SWITZERLAND — With dementia cases set to soar, the World Health Organization presented Tuesday its first-ever guidelines for reducing the risk, including healthy eating, regular exercise and cutting out tobacco use.
The number of people living with dementia is expected to explode from approximately 50 million today to 152 million by 2050, the WHO said in its report.
"In the next 30 years, the number of people with dementia is expected to triple," WHO Director-General Tedros Adhanom Ghebreyesus said in a statement, stressing that "we need to do everything we can to reduce our risk of dementia."
The UN agency said that a healthy lifestyle appeared to help keep cognitive decline at bay.
The scientific evidence gathered to draw up the guidelines, Tedros said, "confirm what we have suspected for some time, that what is good for our heart, is also good for our brain."
Dementia is caused by a variety of brain illnesses that affect memory, thinking, behaviour and the ability to perform everyday activities.
Around five to eight percent of people over the age of 60 are afflicted with Alzheimer's disease and other forms for dementia.
The disease inflicts a heavy economic burden on societies as a whole, with the cost of caring for people with dementia expected to rise from an estimated $818 billion in 2015 to $2 trillion by 2030, WHO said.
The largest increase in cases over the next three decades will be seen in low- and middle-income countries where overall population growth is the highest, WHO said, warning that many healthcare systems will face significant challenges.
WHO said there were a number of non-modifiable risk factors for dementia such as age and family history.
Not inevitable
But it stressed that "while age is the strongest known risk factor for cognitive decline, dementia is not a natural or inevitable consequence of ageing."

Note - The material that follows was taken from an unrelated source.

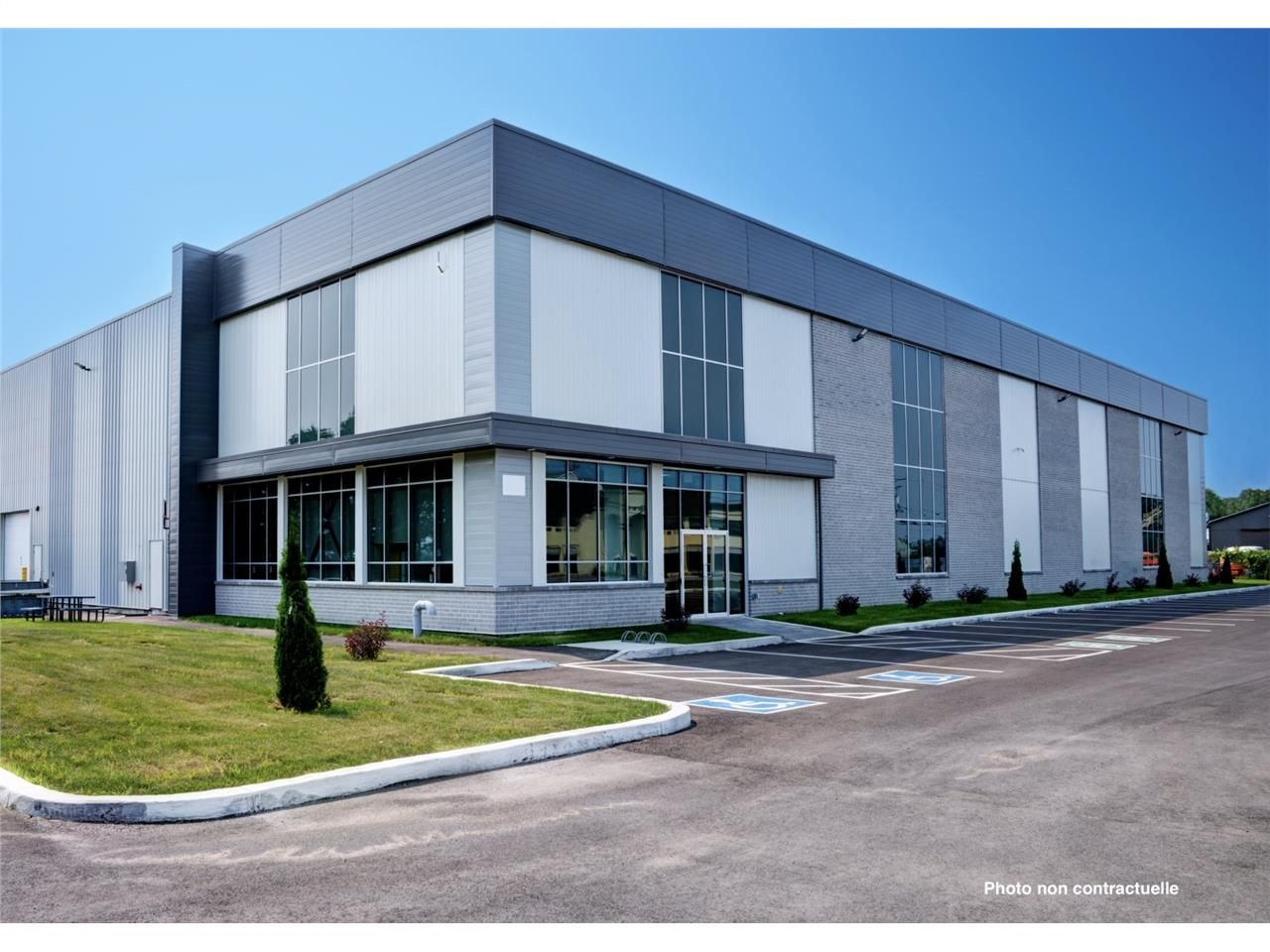 LOCAL D'ACTIVITÉ ET BUREAUX D'ACCOMPAGNEMENT A LO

At the same time, "we do know that there are some risk factor for dementia that we can actually modify," Dr Neerja Chowdhary of WHO's mental health and substance abuse division, told reporters in Geneva.
The agency said its new recommendations could provide the key to delaying or slowing cognitive decline or dementia.
The guidelines point to a range of lifestyle choices that appear to heighten the risk, including physical inactivity, tobacco use, unhealthy diets and harmful alcohol use.
Medical conditions like hypertension, diabetes, high cholesterol, obesity and depression are also associated with increased risk of developing dementia, WHO said.
The WHO guidelines recommend that adults adopt a balanced, Mediterranean-style diet, quit smoking, avoid drinking too much alcohol and watch their weight.
They also suggest that cognitive training can help stimulate the brain and ward off dementia.
And they hint that an active social life could also be beneficial, pointing to studies showing that social disengagement can place older individuals at increased risk of cognitive impairment.
WHO acknowledged though that there is not enough scientific evidence that increased social activity actually reduces the risk of developing dementia.